**PROBLEM STATEMENT:**
What you return must be the full data, repeated verbatim, with no pictures in it.

**Image-caption web data:**
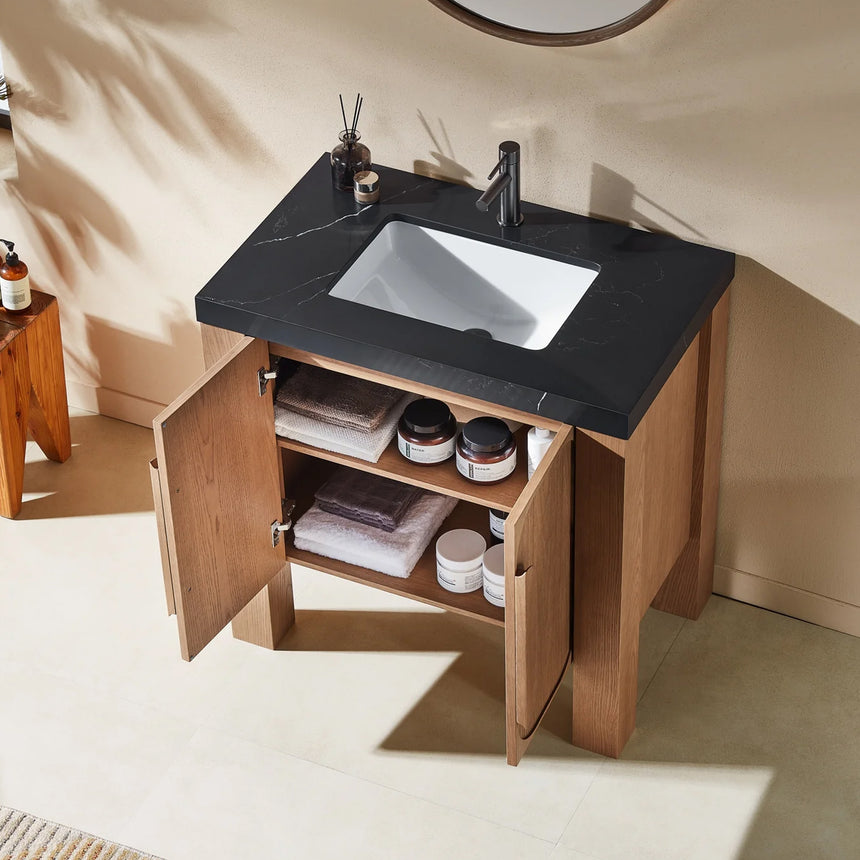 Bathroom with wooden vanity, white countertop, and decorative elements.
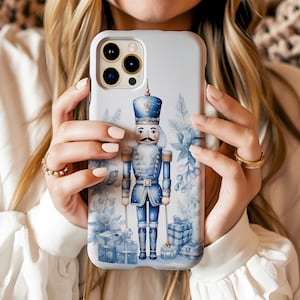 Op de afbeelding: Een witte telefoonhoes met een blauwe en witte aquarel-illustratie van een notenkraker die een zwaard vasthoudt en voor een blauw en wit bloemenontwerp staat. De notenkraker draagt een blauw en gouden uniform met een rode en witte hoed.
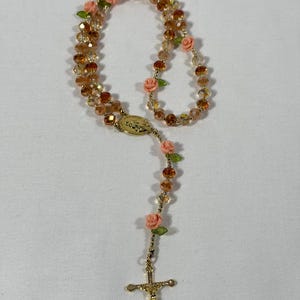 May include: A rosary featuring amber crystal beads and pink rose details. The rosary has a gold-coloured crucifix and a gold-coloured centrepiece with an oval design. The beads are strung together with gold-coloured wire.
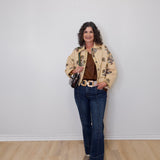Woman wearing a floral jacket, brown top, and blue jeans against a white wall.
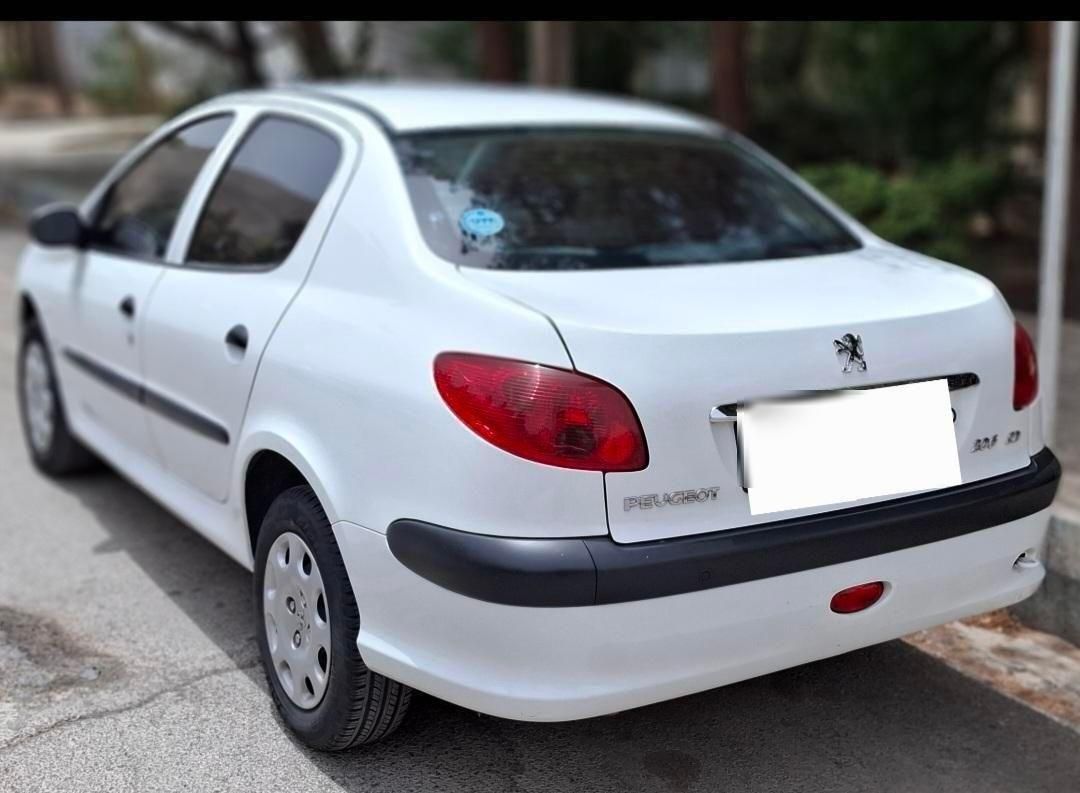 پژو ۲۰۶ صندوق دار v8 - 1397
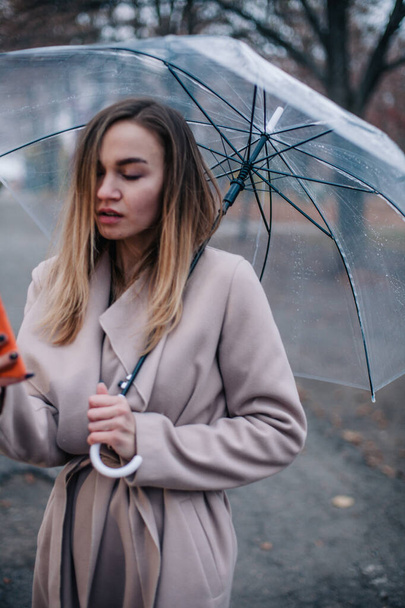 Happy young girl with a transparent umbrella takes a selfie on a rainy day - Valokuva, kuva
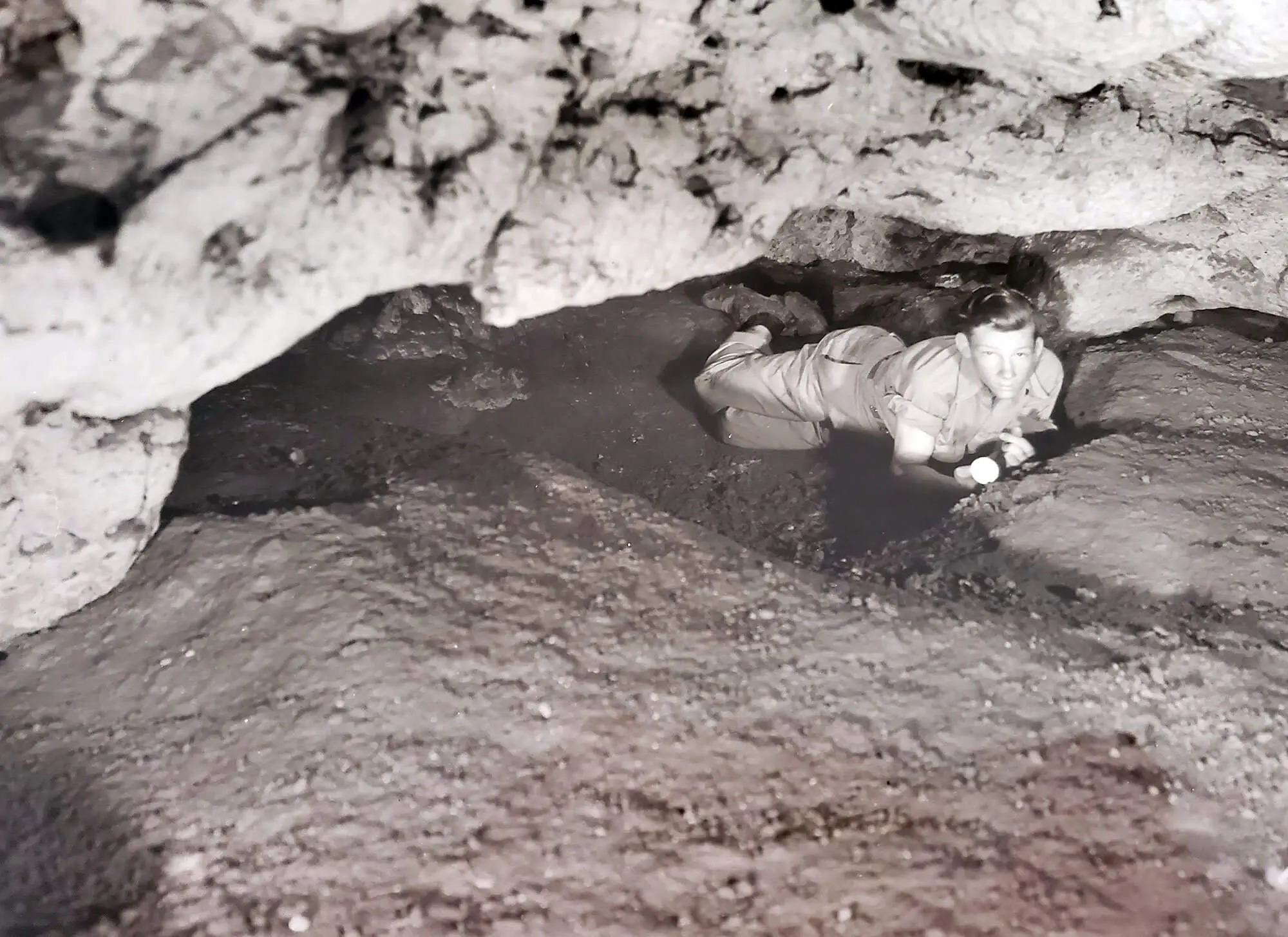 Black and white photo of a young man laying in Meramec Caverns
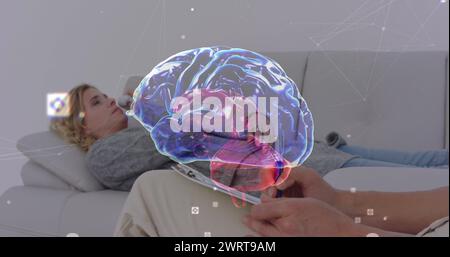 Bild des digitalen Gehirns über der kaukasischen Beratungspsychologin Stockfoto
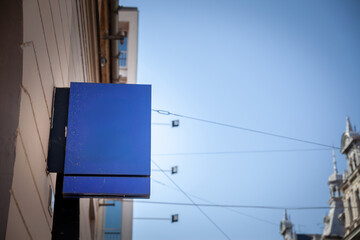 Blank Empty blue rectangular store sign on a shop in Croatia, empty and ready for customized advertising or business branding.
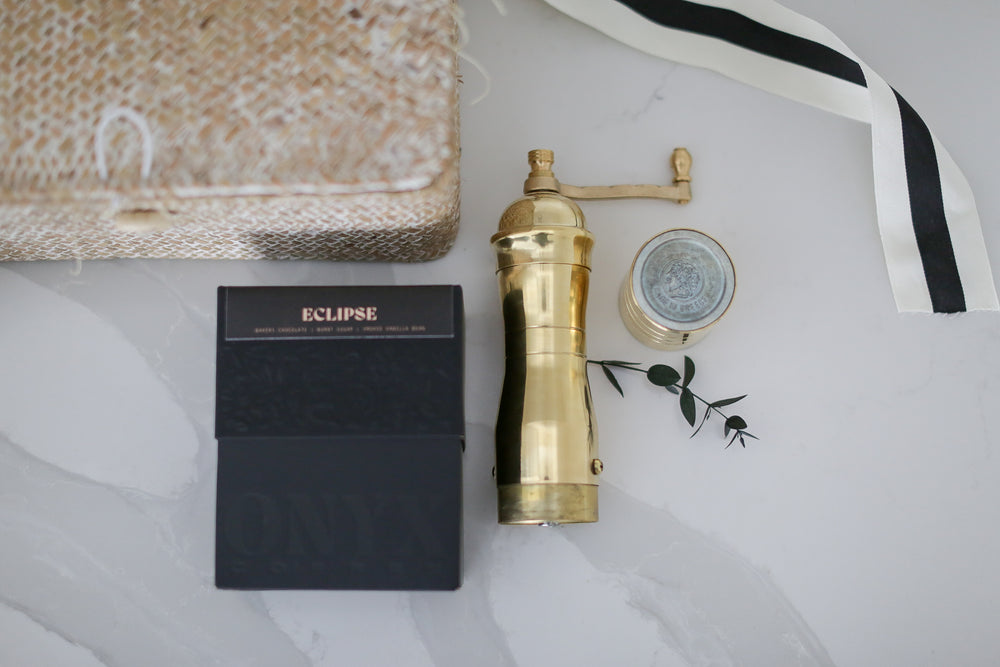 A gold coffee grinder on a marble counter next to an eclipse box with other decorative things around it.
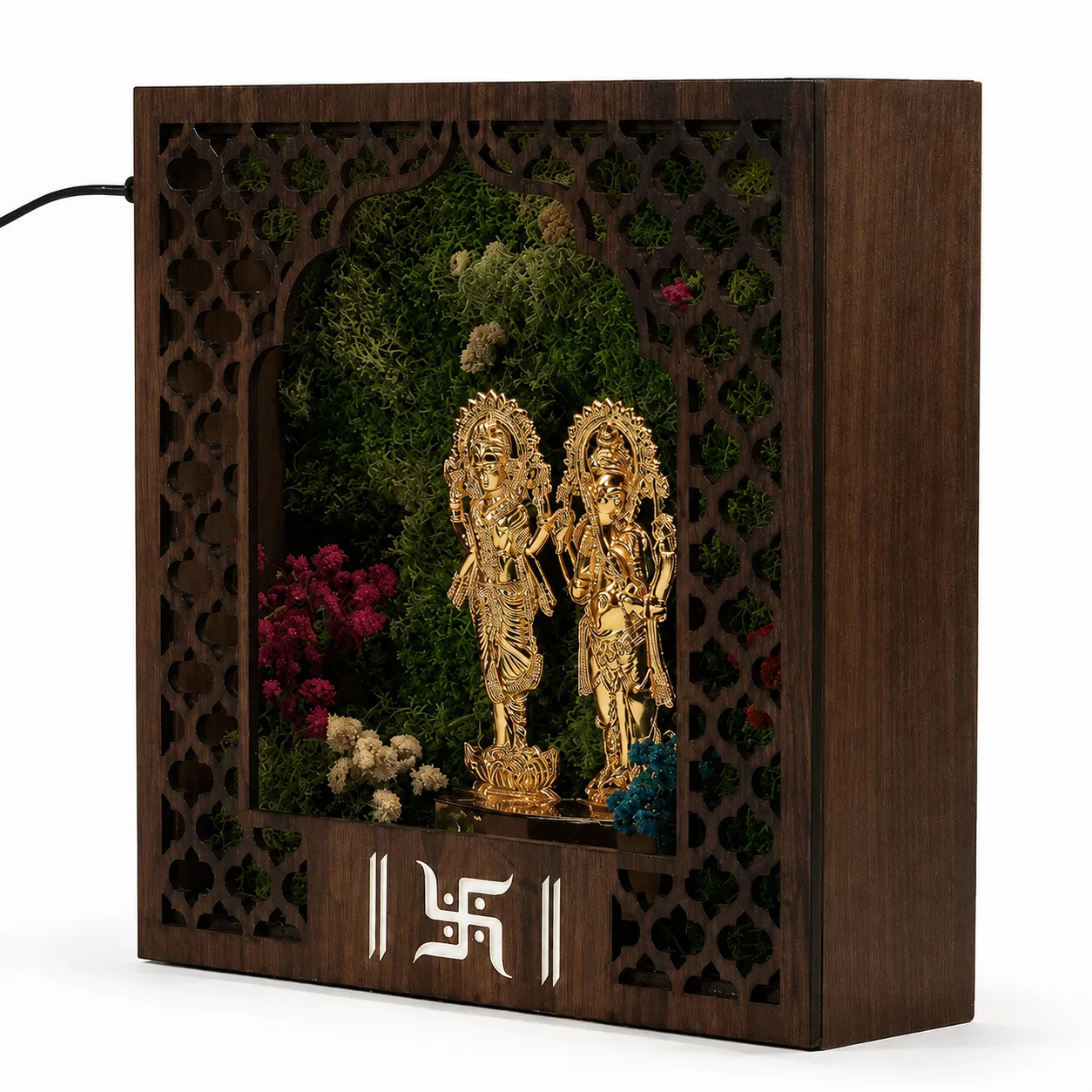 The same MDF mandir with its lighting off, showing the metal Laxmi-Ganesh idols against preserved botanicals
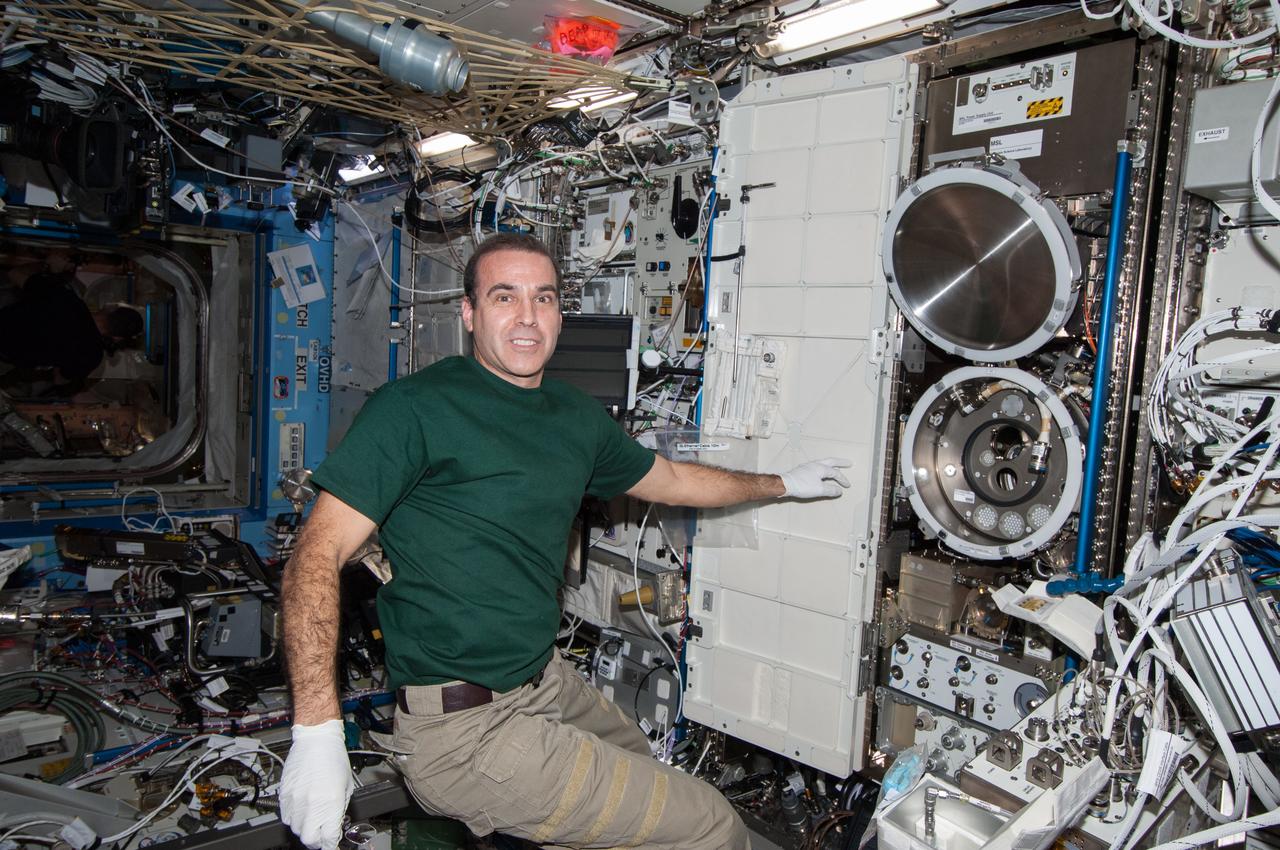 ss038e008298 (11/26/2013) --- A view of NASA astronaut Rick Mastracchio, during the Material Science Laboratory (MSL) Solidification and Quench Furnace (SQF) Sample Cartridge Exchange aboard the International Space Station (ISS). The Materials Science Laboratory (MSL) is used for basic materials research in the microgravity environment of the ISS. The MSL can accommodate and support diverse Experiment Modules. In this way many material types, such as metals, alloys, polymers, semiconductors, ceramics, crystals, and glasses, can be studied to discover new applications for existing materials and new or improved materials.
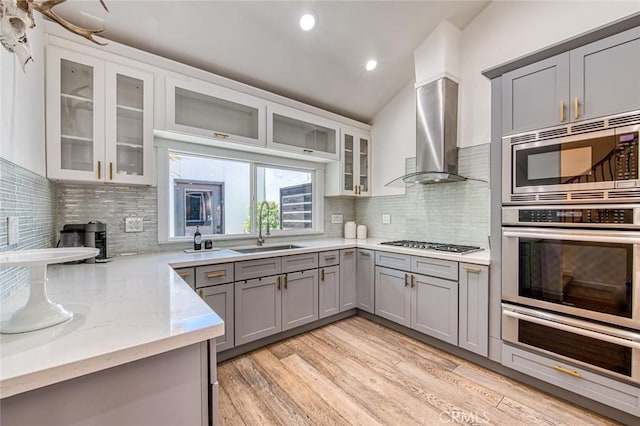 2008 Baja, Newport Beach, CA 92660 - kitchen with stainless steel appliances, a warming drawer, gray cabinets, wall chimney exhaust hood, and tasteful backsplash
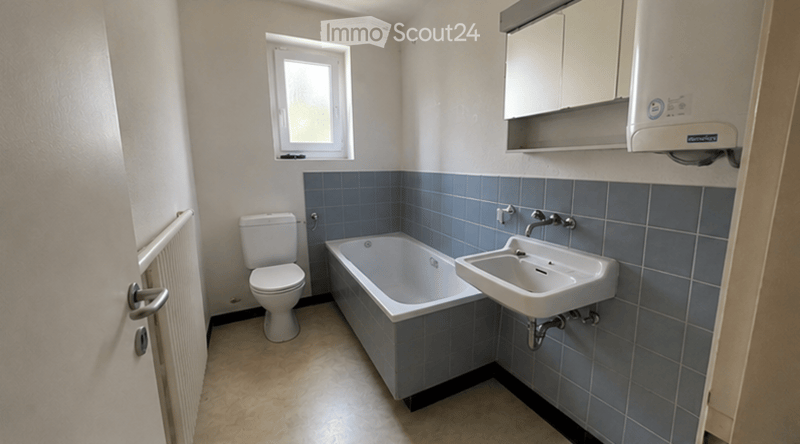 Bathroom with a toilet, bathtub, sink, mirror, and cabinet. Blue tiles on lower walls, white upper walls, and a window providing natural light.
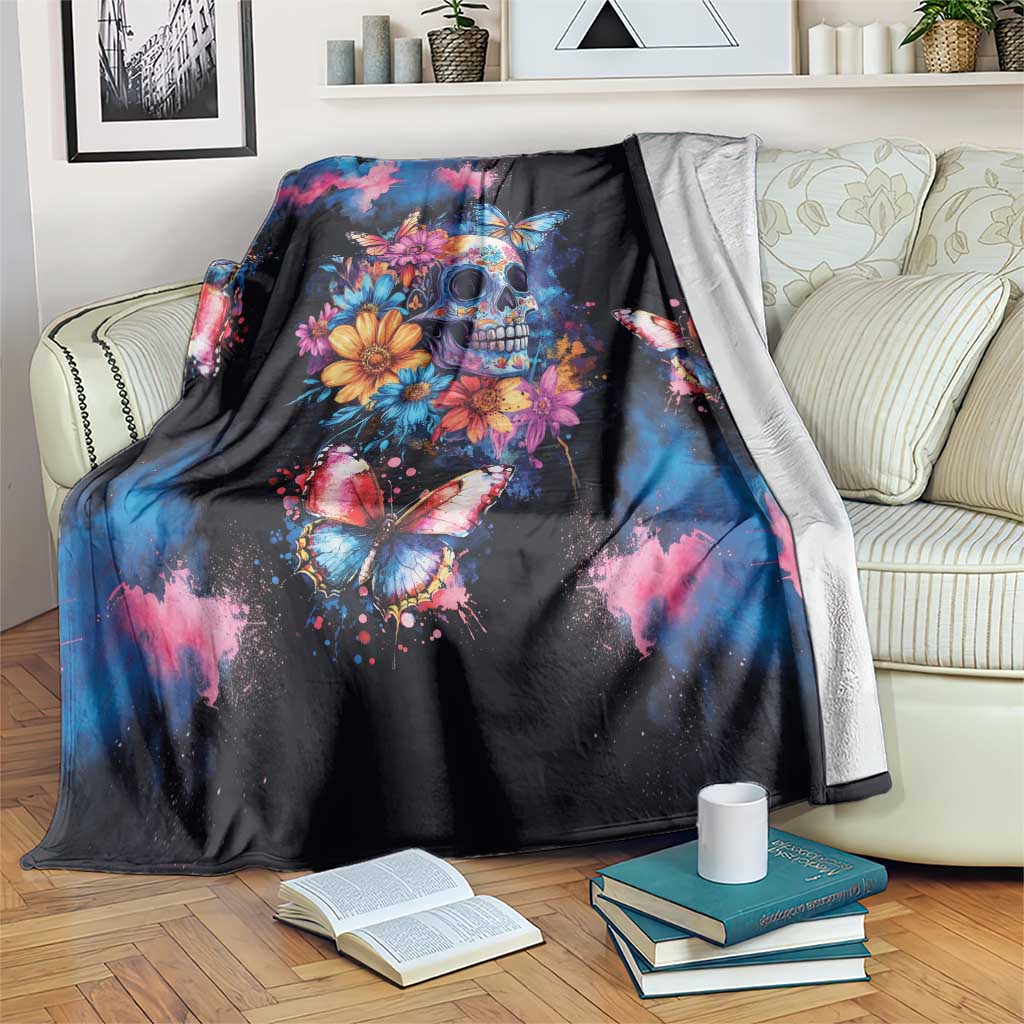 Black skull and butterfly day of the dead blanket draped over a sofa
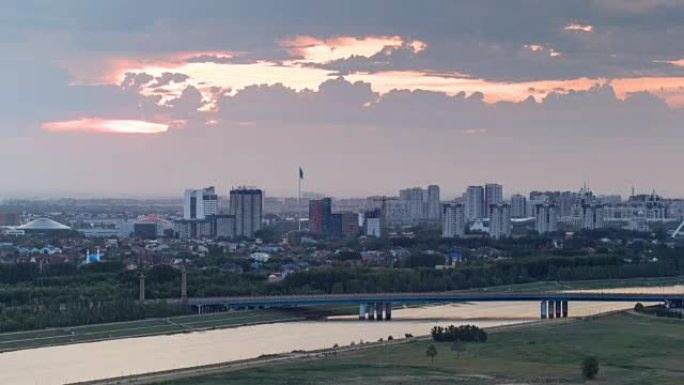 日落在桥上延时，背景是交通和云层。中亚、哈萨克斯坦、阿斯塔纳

**EXPECTED ANSWER:**
 Bathroom with wooden vanity, white countertop, and decorative elements.
 Op de afbeelding: Een witte telefoonhoes met een blauwe en witte aquarel-illustratie van een notenkraker die een zwaard vasthoudt en voor een blauw en wit bloemenontwerp staat. De notenkraker draagt een blauw en gouden uniform met een rode en witte hoed.
 May include: A rosary featuring amber crystal beads and pink rose details. The rosary has a gold-coloured crucifix and a gold-coloured centrepiece with an oval design. The beads are strung together with gold-coloured wire.
Woman wearing a floral jacket, brown top, and blue jeans against a white wall.
 پژو ۲۰۶ صندوق دار v8 - 1397
 Happy young girl with a transparent umbrella takes a selfie on a rainy day - Valokuva, kuva
 Black and white photo of a young man laying in Meramec Caverns
 Bild des digitalen Gehirns über der kaukasischen Beratungspsychologin Stockfoto
 Blank Empty blue rectangular store sign on a shop in Croatia, empty and ready for customized advertising or business branding.
 A gold coffee grinder on a marble counter next to an eclipse box with other decorative things around it.
 The same MDF mandir with its lighting off, showing the metal Laxmi-Ganesh idols against preserved botanicals
 ss038e008298 (11/26/2013) --- A view of NASA astronaut Rick Mastracchio, during the Material Science Laboratory (MSL) Solidification and Quench Furnace (SQF) Sample Cartridge Exchange aboard the International Space Station (ISS). The Materials Science Laboratory (MSL) is used for basic materials research in the microgravity environment of the ISS. The MSL can accommodate and support diverse Experiment Modules. In this way many material types, such as metals, alloys, polymers, semiconductors, ceramics, crystals, and glasses, can be studied to discover new applications for existing materials and new or improved materials.
 2008 Baja, Newport Beach, CA 92660 - kitchen with stainless steel appliances, a warming drawer, gray cabinets, wall chimney exhaust hood, and tasteful backsplash
 Bathroom with a toilet, bathtub, sink, mirror, and cabinet. Blue tiles on lower walls, white upper walls, and a window providing natural light.
 Black skull and butterfly day of the dead blanket draped over a sofa
 日落在桥上延时，背景是交通和云层。中亚、哈萨克斯坦、阿斯塔纳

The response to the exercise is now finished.